Bazı kaynaklara göre Orta Çağ’da bir Avrupalı hekimde şu özelliklerin bulunması gerekirdi: 1. Hekim, zihinsel ve bedensel açıdan normal bir kişi olmalıdır, 2. Hekim, yaptığı işlerden yorulmalıdır, 3. Hekim, mesleğini seven ve ona bağlı olan bir kişi olmalıdır, 4. Hekimin dış görünüşü temiz ve düzgün olmalıdır, 5. Hekim, sabırlı ve güler yüzlü bir meslek mensubudur, 6. Hekim, hastalığın belirtilerini tanımaya çalışan, doğru tanı ve hastalığın kötü sonuçları karşısında şaşırmayan bir kişidir, 7. Bir hekim için en önemli bir durum meslek sırrını tutmaktır, 8. Hekimin ücreti normal ölçülerde olmalıdır.

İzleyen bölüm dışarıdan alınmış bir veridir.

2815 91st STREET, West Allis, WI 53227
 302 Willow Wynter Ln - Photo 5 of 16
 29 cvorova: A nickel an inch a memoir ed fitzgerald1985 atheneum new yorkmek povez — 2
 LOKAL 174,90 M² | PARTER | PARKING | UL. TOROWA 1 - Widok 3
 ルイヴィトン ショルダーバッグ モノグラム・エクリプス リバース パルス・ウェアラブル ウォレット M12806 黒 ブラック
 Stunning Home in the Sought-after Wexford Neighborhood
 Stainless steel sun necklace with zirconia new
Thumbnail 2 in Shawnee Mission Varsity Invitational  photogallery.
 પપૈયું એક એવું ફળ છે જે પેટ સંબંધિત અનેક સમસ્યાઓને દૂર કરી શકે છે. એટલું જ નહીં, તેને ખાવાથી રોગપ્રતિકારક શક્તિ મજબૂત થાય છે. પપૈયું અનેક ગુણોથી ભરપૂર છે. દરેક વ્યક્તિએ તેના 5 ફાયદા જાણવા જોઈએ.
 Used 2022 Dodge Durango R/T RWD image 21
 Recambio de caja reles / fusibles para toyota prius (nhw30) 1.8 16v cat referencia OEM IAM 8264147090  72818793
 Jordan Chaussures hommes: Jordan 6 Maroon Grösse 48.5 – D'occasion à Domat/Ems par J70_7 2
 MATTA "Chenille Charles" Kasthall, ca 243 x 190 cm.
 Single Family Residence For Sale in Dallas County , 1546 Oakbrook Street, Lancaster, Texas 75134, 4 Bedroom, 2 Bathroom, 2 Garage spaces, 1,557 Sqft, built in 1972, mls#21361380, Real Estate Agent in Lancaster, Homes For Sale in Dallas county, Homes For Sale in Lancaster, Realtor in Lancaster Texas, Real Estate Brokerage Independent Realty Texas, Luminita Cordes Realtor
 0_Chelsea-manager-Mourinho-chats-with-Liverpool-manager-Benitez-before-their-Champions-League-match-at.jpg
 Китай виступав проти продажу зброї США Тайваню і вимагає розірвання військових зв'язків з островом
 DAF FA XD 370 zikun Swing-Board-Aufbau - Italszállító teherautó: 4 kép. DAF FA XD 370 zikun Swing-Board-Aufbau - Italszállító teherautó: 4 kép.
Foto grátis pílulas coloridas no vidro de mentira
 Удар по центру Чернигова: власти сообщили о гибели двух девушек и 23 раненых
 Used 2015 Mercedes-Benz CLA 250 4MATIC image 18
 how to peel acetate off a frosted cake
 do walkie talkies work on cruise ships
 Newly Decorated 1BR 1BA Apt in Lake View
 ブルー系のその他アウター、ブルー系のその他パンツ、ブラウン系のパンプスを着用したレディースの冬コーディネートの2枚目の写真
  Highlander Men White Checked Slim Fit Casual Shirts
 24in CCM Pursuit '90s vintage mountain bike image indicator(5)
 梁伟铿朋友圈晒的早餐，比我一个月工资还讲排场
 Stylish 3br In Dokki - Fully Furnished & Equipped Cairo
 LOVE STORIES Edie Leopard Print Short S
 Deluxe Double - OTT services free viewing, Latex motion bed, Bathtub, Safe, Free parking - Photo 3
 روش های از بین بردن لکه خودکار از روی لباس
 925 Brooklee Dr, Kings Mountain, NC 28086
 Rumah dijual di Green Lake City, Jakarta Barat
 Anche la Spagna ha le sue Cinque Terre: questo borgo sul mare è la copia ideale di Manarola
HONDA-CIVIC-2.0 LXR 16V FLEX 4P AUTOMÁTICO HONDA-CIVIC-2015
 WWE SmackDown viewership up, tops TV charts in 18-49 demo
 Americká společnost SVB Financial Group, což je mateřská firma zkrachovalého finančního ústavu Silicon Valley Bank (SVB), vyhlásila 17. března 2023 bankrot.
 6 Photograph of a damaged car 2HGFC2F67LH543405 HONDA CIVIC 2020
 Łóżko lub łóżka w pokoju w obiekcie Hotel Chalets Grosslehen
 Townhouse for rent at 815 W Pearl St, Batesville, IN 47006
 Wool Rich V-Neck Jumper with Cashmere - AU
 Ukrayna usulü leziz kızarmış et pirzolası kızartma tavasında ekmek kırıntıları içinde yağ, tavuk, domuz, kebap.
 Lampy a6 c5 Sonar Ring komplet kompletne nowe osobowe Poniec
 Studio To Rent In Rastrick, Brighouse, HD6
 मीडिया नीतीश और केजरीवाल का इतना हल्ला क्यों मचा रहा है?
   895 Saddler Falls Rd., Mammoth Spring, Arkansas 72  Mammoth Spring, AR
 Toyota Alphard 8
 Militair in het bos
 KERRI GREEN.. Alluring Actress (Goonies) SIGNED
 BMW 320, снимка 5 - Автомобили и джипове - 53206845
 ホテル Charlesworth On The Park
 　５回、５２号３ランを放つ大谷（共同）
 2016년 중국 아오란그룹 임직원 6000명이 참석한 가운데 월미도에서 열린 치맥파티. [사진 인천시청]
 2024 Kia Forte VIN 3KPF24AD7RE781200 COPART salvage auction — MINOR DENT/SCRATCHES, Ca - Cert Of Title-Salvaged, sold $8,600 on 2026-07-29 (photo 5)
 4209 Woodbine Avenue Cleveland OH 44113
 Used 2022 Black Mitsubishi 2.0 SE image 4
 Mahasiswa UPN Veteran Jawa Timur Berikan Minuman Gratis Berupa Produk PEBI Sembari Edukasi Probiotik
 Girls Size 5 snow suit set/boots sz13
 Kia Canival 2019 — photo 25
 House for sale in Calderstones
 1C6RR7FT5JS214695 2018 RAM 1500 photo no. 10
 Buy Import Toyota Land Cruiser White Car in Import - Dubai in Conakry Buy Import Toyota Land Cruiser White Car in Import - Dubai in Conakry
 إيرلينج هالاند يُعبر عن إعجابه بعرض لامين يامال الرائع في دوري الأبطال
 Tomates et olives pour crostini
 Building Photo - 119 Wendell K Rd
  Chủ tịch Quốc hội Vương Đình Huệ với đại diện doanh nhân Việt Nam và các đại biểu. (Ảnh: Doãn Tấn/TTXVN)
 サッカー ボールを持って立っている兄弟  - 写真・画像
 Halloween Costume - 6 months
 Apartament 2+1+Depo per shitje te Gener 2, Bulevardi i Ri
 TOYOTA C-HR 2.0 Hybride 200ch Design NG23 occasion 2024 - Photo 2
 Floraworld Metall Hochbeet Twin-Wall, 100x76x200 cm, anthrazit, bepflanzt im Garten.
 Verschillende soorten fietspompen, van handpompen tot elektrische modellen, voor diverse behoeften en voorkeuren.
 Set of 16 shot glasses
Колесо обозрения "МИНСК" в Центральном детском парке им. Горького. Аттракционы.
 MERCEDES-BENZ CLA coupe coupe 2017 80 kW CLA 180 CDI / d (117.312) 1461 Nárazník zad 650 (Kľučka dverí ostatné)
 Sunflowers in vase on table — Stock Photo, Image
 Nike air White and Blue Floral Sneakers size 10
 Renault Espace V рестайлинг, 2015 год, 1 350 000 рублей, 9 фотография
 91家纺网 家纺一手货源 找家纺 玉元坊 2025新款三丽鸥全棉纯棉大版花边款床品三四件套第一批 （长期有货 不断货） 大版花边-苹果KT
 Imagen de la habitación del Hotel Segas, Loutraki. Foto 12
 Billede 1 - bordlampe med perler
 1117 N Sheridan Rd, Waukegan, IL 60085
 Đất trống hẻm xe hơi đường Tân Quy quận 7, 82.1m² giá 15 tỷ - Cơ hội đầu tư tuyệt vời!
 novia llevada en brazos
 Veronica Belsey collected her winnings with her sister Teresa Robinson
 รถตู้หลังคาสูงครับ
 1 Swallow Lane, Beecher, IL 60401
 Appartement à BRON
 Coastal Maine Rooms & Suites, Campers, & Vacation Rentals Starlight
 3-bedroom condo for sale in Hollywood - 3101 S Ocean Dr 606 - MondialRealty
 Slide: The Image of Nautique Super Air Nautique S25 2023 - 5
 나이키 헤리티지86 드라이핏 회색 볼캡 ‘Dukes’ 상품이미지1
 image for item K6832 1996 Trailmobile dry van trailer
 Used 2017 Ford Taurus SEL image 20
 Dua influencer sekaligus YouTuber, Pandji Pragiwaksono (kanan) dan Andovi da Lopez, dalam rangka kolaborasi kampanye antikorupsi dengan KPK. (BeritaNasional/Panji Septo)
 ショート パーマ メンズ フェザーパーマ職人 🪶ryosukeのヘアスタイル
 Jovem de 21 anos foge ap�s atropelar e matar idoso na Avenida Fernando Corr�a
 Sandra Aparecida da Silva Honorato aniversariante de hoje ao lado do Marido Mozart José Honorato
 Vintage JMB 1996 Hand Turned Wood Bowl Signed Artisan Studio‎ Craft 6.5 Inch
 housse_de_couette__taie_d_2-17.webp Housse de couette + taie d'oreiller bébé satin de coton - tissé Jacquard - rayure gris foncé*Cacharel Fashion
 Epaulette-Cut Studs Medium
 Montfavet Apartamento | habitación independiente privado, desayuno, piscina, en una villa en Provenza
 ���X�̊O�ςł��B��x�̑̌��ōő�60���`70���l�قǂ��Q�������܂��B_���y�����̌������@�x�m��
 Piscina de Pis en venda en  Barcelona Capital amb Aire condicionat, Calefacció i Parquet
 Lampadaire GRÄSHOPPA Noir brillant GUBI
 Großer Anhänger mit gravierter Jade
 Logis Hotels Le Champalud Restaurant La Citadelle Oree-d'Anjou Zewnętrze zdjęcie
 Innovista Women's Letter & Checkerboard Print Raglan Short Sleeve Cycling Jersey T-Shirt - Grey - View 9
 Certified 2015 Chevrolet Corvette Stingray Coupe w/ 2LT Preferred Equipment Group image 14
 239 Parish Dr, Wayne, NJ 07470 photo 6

Bu maddelerden beşincisi gülmenin önemine değinir. Bu arada ilk klinik görüşmede hekim-hasta iletişiminin ilk anlarında birbiriyle kaynaşma dönemi olan bir suskunluk dönemi olduğu belirtilmektedir. Bu dönemde hekimin hastada bıraktığı ilk izlenim, hastanın bu iş birliğine katılıp katılmayacağını belirler. Bu nedenle hekim, hastanın yakınına oturarak, dikkatini hasta üzerinde tutarak ve bant kaydı ya da ara sıra insanı sıkmadan not alarak ve bir gülümseme ile hastayla katılımcı bir iş birliğine girebilir. Birçok modern yazara göre, hastayı dinlemede en etkili yol, hekimin hastayı dikkatle dinlemesi ve daha sonra da hastanın anlattıklarını ya da sorulara yanıtlarını onun duygularını paylaşarak anlamasıdır. Burada hekim empatik bir davranış gösterir. Bu dinleme şeklinde hekim, hastanın yaşadığı şeyi kendisinde olmuş gibi anlarsa bu onun hastayı etkin olarak dinlediğini gösterir. Bu tip hasta dinleme şeklinde, hastaya güven verici konuşmalar yapılır, sorular sorulur ve böylece hastanın vereceği bilgi ve yanıtlarla hastalık tanısı rahatlıkla konulabilir.